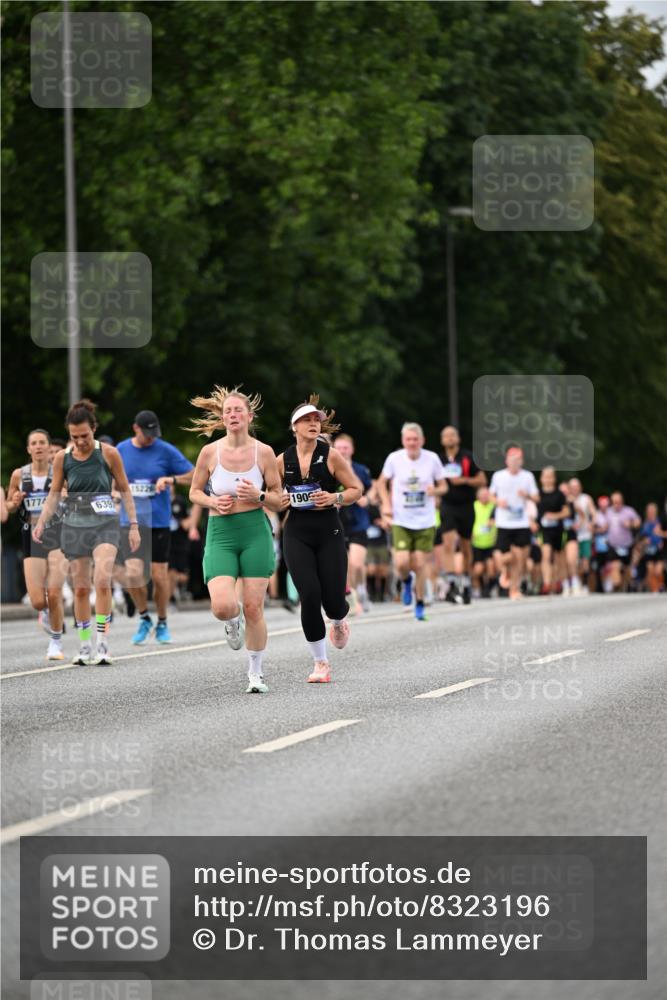 29.06.2025 - hella hamburg halbmarathon Dr. Thomas Lammeyer http://msf.ph/oto/8323196 29.06.2025 10:39:23 Kennedybrücke 1417, 1497, 1821, 1849, 2198, 2265, 2482, 3170, 3409, 3958, 4333, 4564, 4696, 4884, 5027, 5793, 6335, 6365, 6379, 6397, 6571, 6746, 6803, 6859, 7020, 7386, 7733, 8249, 8369, 9164, 9248, 9342, 9803, 10335, 10358, 10393, 10464, 10606, 11320 meine-sportfotos.de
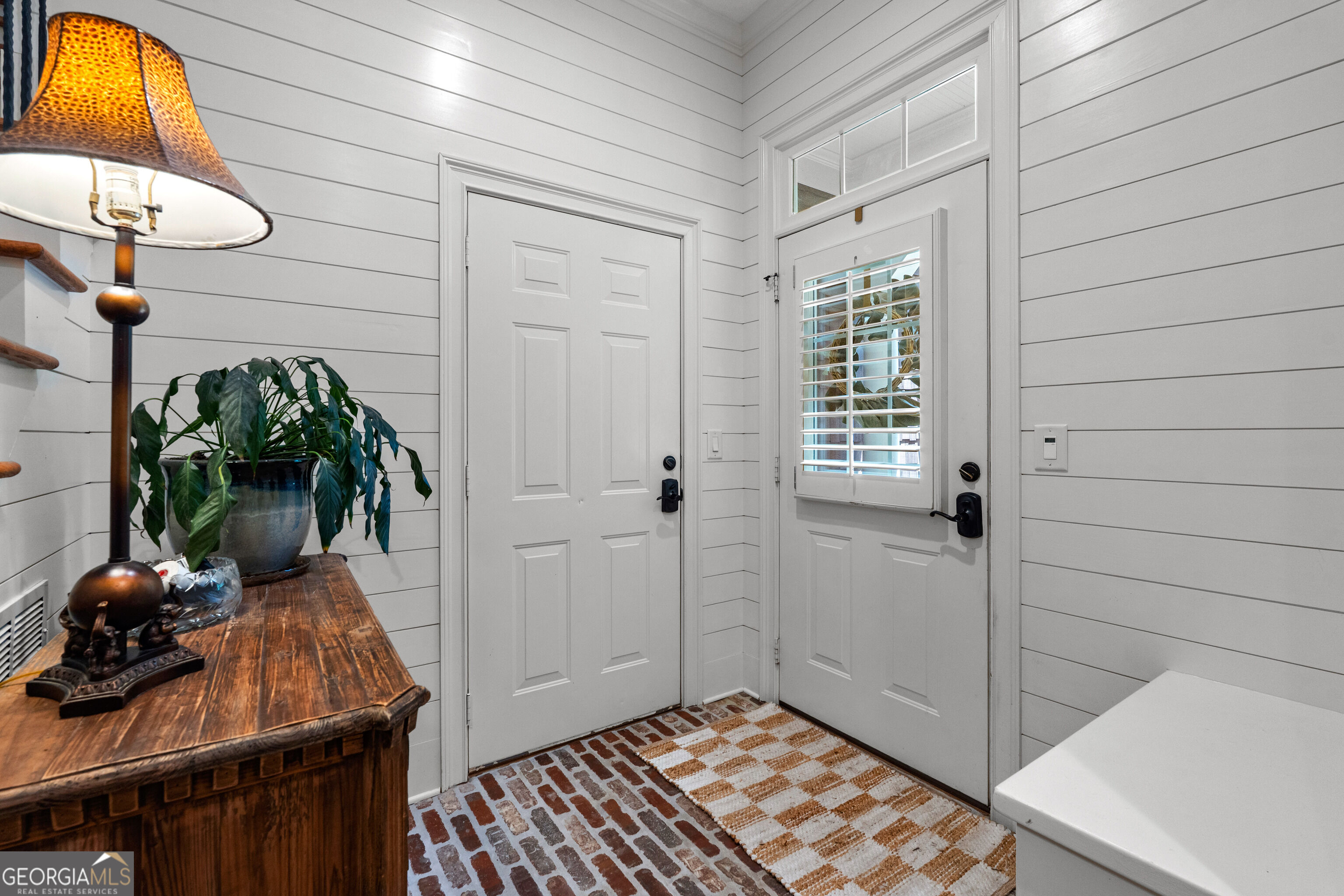 180 Ashborough Park Property Photo 25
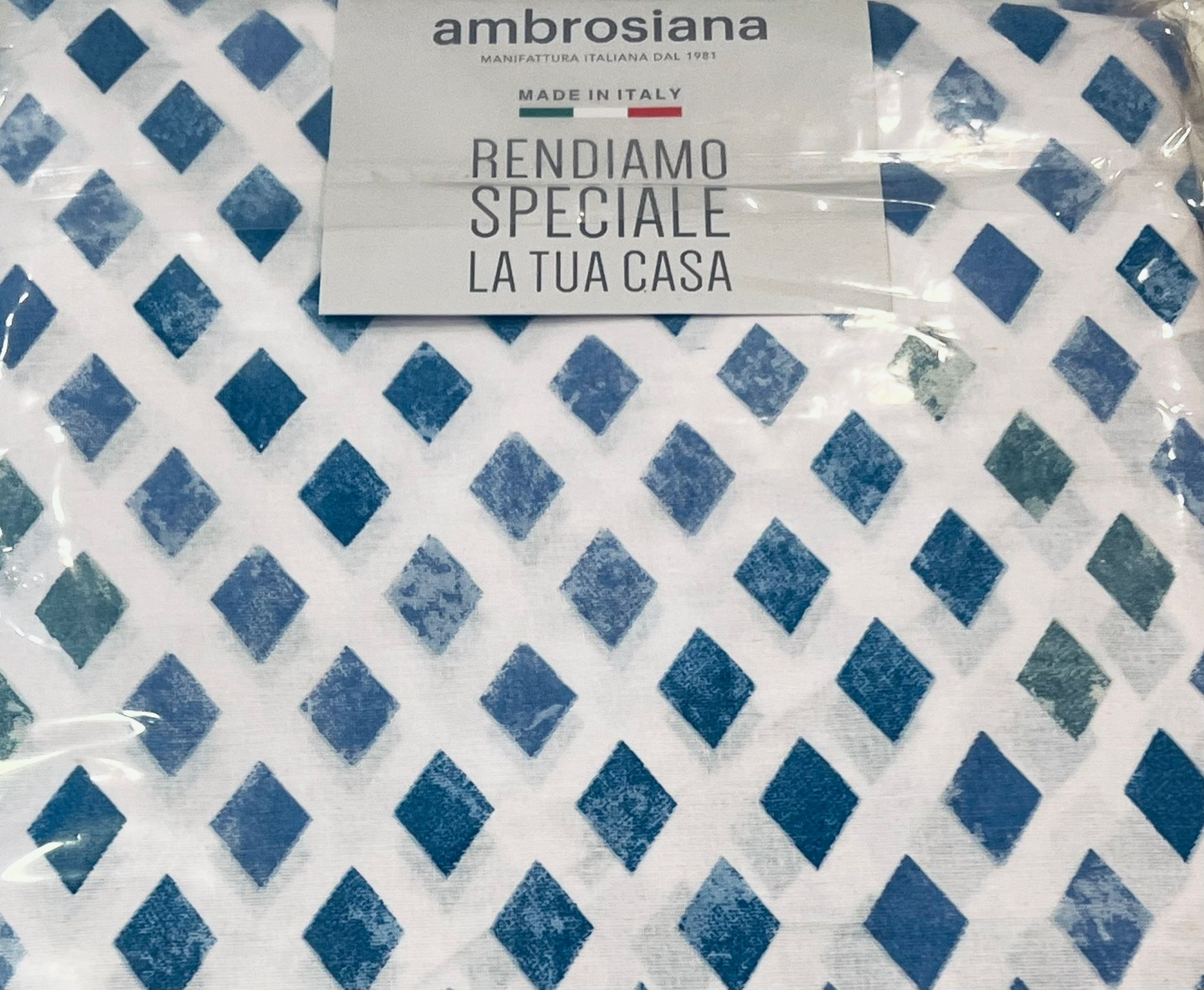 Completo lenzuola una piazza e mezza AMBROSIANA, una delle migliori linee presenti, tessuto 100% cotone. made in italy misure: sopra 180×290 – sotto 130×195 con angoli di 25 cm – 1 federa 52×82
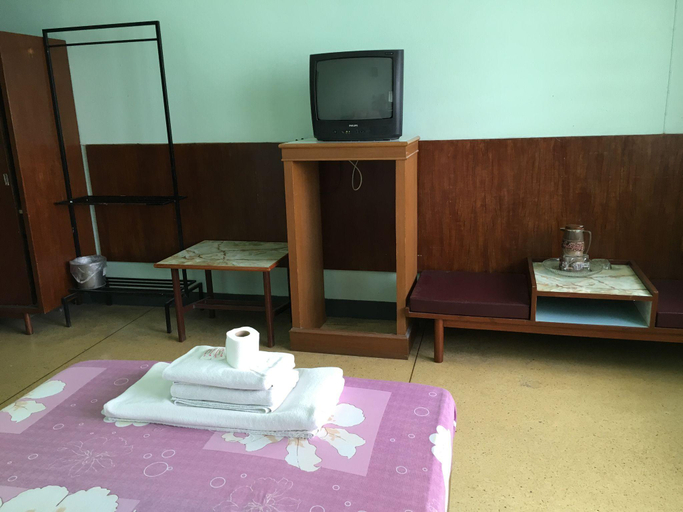 Bedroom 5, Laemthong Hotel, Hat Yai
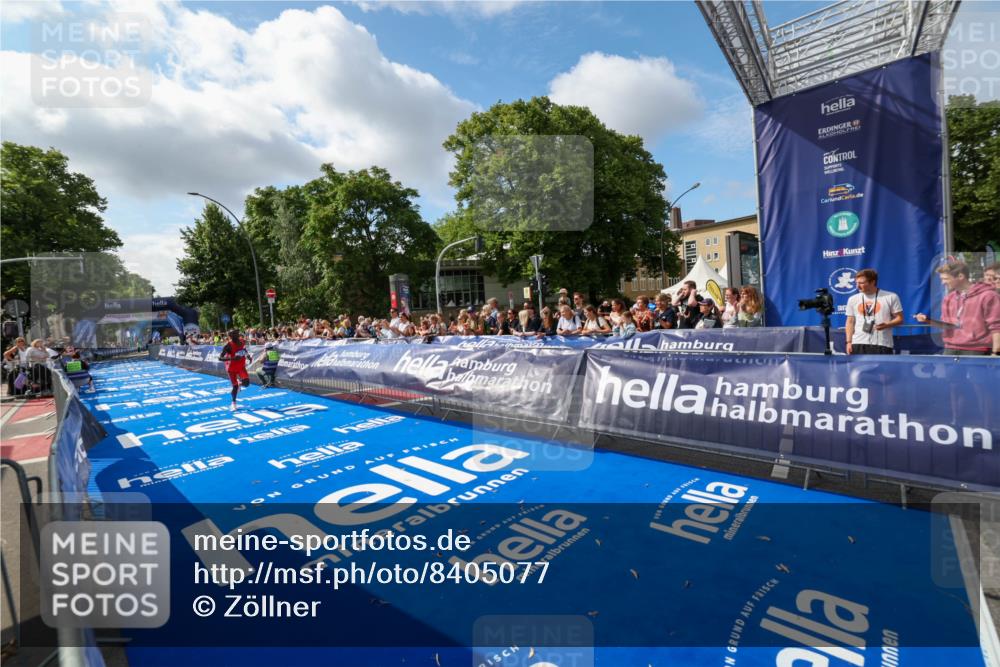 29.06.2025 - hella hamburg halbmarathon Zöllner http://msf.ph/oto/8405077 29.06.2025 10:03:58 Ziel 13 meine-sportfotos.de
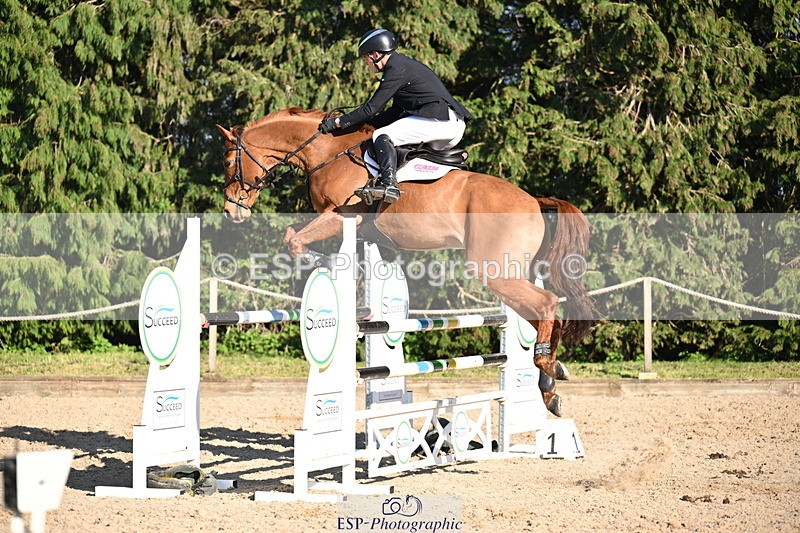 260321A-153734-01155 - 6 Foxhunter 1m 20 Open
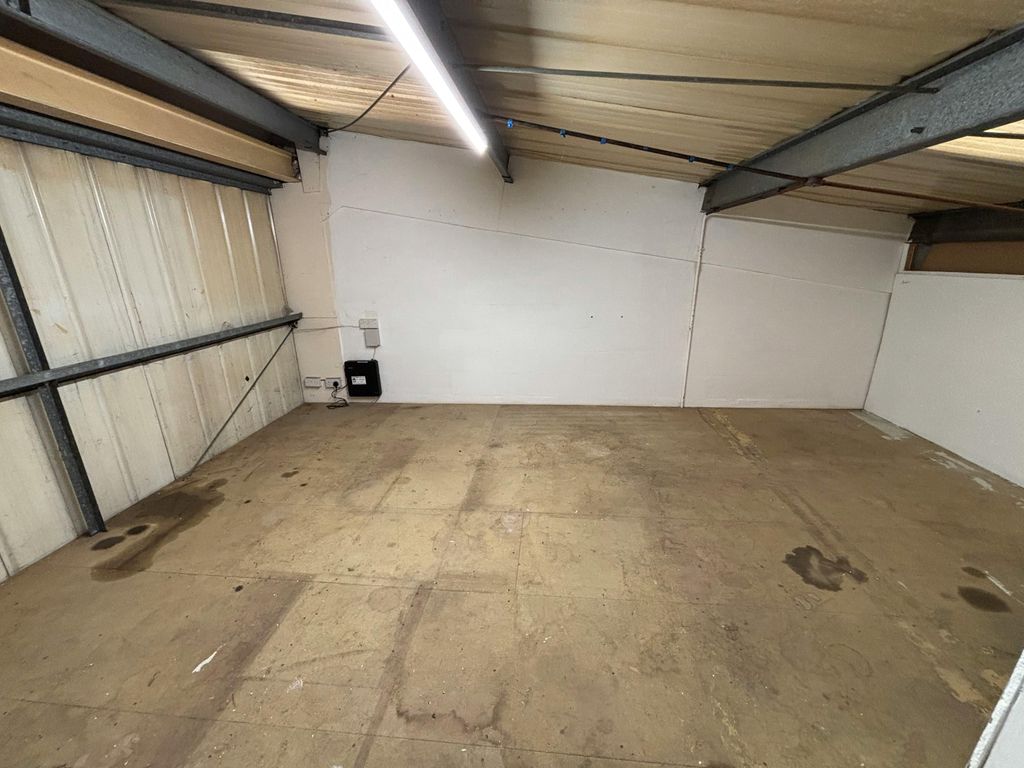 Property photo 3 of 8 Img_2022.Jpg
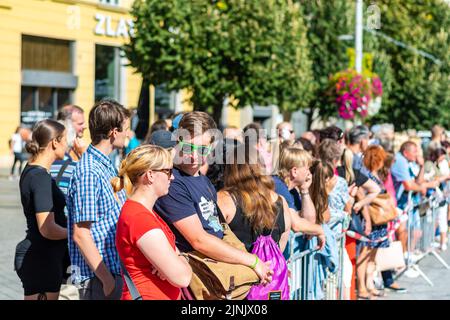 Brno, Repubblica Ceca - 10,9.2021: La gente sta visitando la cerimonia della promessa della polizia nella piazza principale di Brno (Namesti Svobody) Foto Stock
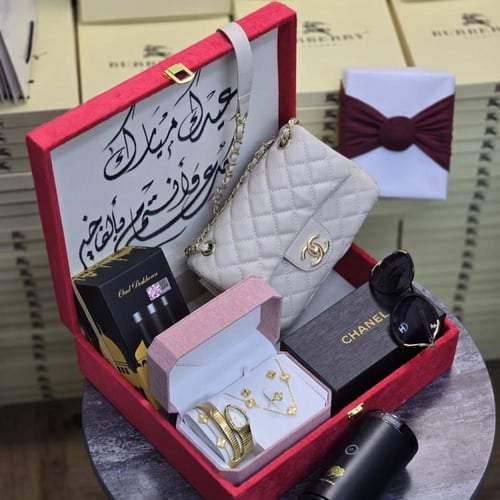 طقم نسائي فاخر هدايا العيد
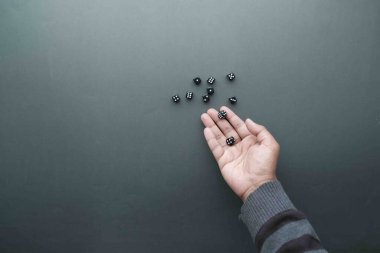 Siyah Arkaplan Görünümünde Siyah Zar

----

▶ **PROBLEM REQUIREMENTS**
Word for word, write out the whole listing, keeping none of the pictures.

▶ **WORKED SOLUTION**
 29.06.2025 - hella hamburg halbmarathon Dr. Thomas Lammeyer http://msf.ph/oto/8323196 29.06.2025 10:39:23 Kennedybrücke 1417, 1497, 1821, 1849, 2198, 2265, 2482, 3170, 3409, 3958, 4333, 4564, 4696, 4884, 5027, 5793, 6335, 6365, 6379, 6397, 6571, 6746, 6803, 6859, 7020, 7386, 7733, 8249, 8369, 9164, 9248, 9342, 9803, 10335, 10358, 10393, 10464, 10606, 11320 meine-sportfotos.de
 180 Ashborough Park Property Photo 25
 Completo lenzuola una piazza e mezza AMBROSIANA, una delle migliori linee presenti, tessuto 100% cotone. made in italy misure: sopra 180×290 – sotto 130×195 con angoli di 25 cm – 1 federa 52×82
 Bedroom 5, Laemthong Hotel, Hat Yai
 29.06.2025 - hella hamburg halbmarathon Zöllner http://msf.ph/oto/8405077 29.06.2025 10:03:58 Ziel 13 meine-sportfotos.de
 260321A-153734-01155 - 6 Foxhunter 1m 20 Open
 Property photo 3 of 8 Img_2022.Jpg
 Brno, Repubblica Ceca - 10,9.2021: La gente sta visitando la cerimonia della promessa della polizia nella piazza principale di Brno (Namesti Svobody) Foto Stock
 طقم نسائي فاخر هدايا العيد
 Siyah Arkaplan Görünümünde Siyah Zar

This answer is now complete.